Data:
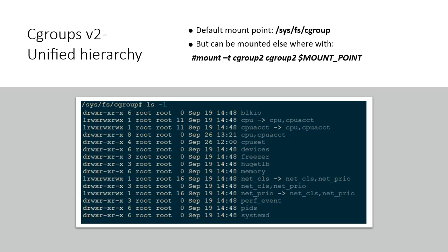All the available controllers are automatically mounted when the file system is mounted, meaning that it is not possible to specify the controllers when mounting the cgroup version 2 file system. By default, this unified file system is mounted under /sys/fs/cgroup.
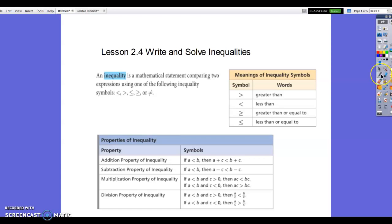We're on lesson 2.4, and we're going to talk about inequalities — specifically how to write and solve them. The first thing you need to know is what an inequality is. It's similar to an equation, except instead of an equal sign, you're going to have an inequality sign.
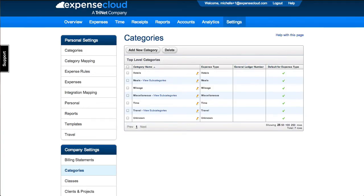This tutorial is going to show you how to set up categories within Expense Cloud. Company categories are set up in Company Settings Categories.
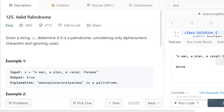Hi everyone, welcome to LeetCode. In this video let's try to solve the problem: Valid Palindrome. Given a string s, determine if it is a palindrome considering only alphanumeric characters and ignoring cases. The given string consists of alphanumeric characters as well as some special characters like comma, semicolon, or space.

What you should do: Would you copy, exactly, each line from the start of the listing above through the line with "This tutorial is", both ends included, but none of the pictures?

Answer section:
All the available controllers are automatically mounted when the file system is mounted, meaning that it is not possible to specify the controllers when mounting the cgroup version 2 file system. By default, this unified file system is mounted under /sys/fs/cgroup.
We're on lesson 2.4, and we're going to talk about inequalities — specifically how to write and solve them. The first thing you need to know is what an inequality is. It's similar to an equation, except instead of an equal sign, you're going to have an inequality sign.
This tutorial is going to show you how to set up categories within Expense Cloud. Company categories are set up in Company Settings Categories.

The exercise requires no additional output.